自身の造語で、指針としている「らめ活」への思いや、コンプレックスとの向き合い方、読者に向けた願いを語った。(奥津 友希乃)

 トレードマークのおかっぱヘアに、目元にはラインストーンがきらめく。写真撮影が始まると、坂口はこちらが求める前から舞い踊るようにポーズを決め、カメラマンがシャッターを切るごとに振り付けを変えていく。何だか、ちょっとしたショーを見ているような気分になった。

 10代の頃から幾度も、本に救われてきた。書店は自身の“駆け込み寺”のような存在だったという。

 「悩んだり自暴自棄になったりすると、自分を回復させるための言葉を探して書店を練り歩く。私はその状態を『言葉のなまはげ化』って言ってるんだけど、ふと目に入った本を手に取ってはその中の言葉に浸り、洗浄され、復活し、を繰り返してきた」

 本は、もっぱら「読む専(=読む専門)だった」が、昨年4月からWEBでエッセーの連載を開始。ファッションや美容、社会問題、日常の失敗談などを親しみやすい関西弁でつづって人気を博し、書籍化が決定した。

 「まさか自分の話で本を出すなんて夢にも思わなかった。普段日記もつけないし、人生で初めて“書く”って行為をしてみましたけど、すごく楽しい。人生で起きたスペシャルなトピックから、友達と音信不通になった話とか自分の恥部まで書いている。
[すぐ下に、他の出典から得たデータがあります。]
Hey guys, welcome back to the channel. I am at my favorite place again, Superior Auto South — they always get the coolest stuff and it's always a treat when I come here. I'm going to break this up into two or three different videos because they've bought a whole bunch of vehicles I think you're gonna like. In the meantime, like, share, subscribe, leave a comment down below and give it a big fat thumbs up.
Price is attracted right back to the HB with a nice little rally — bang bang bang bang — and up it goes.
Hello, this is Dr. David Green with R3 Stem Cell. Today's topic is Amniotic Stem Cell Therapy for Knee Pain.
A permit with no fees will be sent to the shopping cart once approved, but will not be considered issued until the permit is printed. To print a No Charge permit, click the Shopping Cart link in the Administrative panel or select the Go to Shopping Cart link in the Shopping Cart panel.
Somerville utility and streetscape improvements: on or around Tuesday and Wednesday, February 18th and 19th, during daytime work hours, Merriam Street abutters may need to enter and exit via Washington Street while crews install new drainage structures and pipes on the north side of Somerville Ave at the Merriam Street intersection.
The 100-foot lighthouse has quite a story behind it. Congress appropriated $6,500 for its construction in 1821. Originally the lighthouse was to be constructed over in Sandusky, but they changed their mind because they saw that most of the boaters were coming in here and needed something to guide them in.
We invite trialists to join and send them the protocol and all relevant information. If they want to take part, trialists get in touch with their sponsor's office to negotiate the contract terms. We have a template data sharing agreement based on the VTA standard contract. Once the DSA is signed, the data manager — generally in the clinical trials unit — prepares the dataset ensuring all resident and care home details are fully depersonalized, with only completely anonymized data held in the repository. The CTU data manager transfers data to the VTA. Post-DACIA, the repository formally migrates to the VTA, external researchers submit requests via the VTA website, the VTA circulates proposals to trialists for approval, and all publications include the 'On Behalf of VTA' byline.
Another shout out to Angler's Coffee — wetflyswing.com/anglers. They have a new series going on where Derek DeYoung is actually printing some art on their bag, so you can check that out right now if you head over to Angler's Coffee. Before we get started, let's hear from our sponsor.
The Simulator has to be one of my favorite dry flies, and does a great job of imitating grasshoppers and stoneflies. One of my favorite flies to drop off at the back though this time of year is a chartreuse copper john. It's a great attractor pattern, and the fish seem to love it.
改めて文字にすると『自分、こう思ってたんや』『恥ずかしい!』『おもろいなあ』とか、いろんな感情が生まれましたね」

 つづられるどのエピソードも情景描写が秀逸で、独特のワードセンスも光り、文字が躍っているように映る。記者が気になったのは、「貯金がないのに引っ越しをしたくて物件を探している」というエピソードだ。

 「『バカだなあ、何で貯金しないの』と思ったでしょう?(笑)。でも、貯金ってしようと思ったことない。心のどこかで明日何が起きるか分からないから、我慢せずその時やりたいことをして、食べたいものを食べて、会いたい人に会う、それにお金を使うことに重きを置いてるんだと思う」

 俳優として自身の個性と葛藤し、スポットライトを浴びるまでの道のりも、赤裸々に記している。小学3年の時に観劇したミュージカル「キャッツ」に感銘を受け、ダンスを始めた。17歳で、俳優・森山未來の主演公演にダンサーとして出演し初舞台を経験。だが、俳優デビュー後はオーディションの落選が続いた。

 バイトを掛け持ちしていた当時、居酒屋が「耳にかかる髪形は禁止」だったために、現在のおかっぱヘアに。「案外しっくりきて、オーディションもすごく受かるようになった」。映画「ちはやふる」シリーズ(16~18年)で競技かるた部の“ヒョロくん”を演じ、原作漫画そっくりのビジュアルが話題に。知名度が急上昇した。

「当時は映画館でバイトしていて、『ちはやふる』のパンフレットを売っていたら『ヒョロくんじゃない? 本物?』ってお客さんがざわついていました」

 一度見たら忘れがたい個性的な顔立ちと、確かな演技力で存在感を増していった。強烈な個性と演じる役、助演的な立ち位置の折り合いを上手につけてブレイクしたのかと思いきや、自身の中には「坂口涼太郎エゴブーム」があったという。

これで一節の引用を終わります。